When Taneisha Deans was growing up in Glenville, she thought of an engineer as someone who repaired cars or other large equipment.
But then she became part of Case Western Reserve’s Envoys program, and learned that the discipline included such fields as computer science, chemical engineering and even polymers.
“When I was younger, I didn’t really understand engineering,” she said, “that’s where this program helps out.”
For Deans, Envoys provided more than an introduction to the subject. It led her to a bachelor’s degree in 2012, and, next month, a doctorate in Macromolecular Science and Engineering.
“I had always heard about Case [Western Reserve],” she said. “My dad was always reading the newspaper and got me in the habit. Case [Western Reserve] was always in the news about some grant that [its researchers] received for cutting-edge research.”

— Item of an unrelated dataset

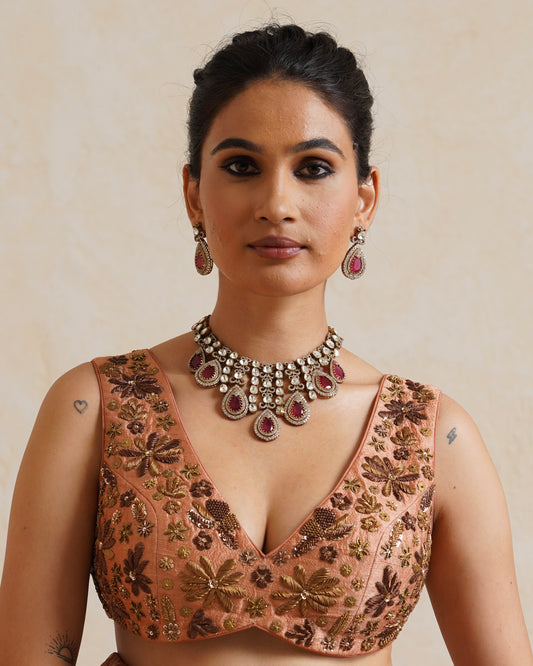 Gulbahar Ruby Drop Choker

Today Deans conducts some of her own cutting-edge research—specifically, finding ways to replace the hazardous materials in flame retardants with ones that are more environmentally friendly.
Administered through the university’s National Science Foundation-funded Center for Layered Polymeric Systems, the Envoys program provides underrepresented minority students from the Cleveland Metropolitan and East Cleveland school districts a chance to participate in intensive research and learn more about STEM (science, technology, engineering and mathematics).
After becoming a student at Case Western Reserve, Deans embraced the opportunity to mentor Envoys participants—just as others had supported her. Her longtime faculty mentor David Schiraldi, for example, was the first to suggest she consider getting a Ph.D.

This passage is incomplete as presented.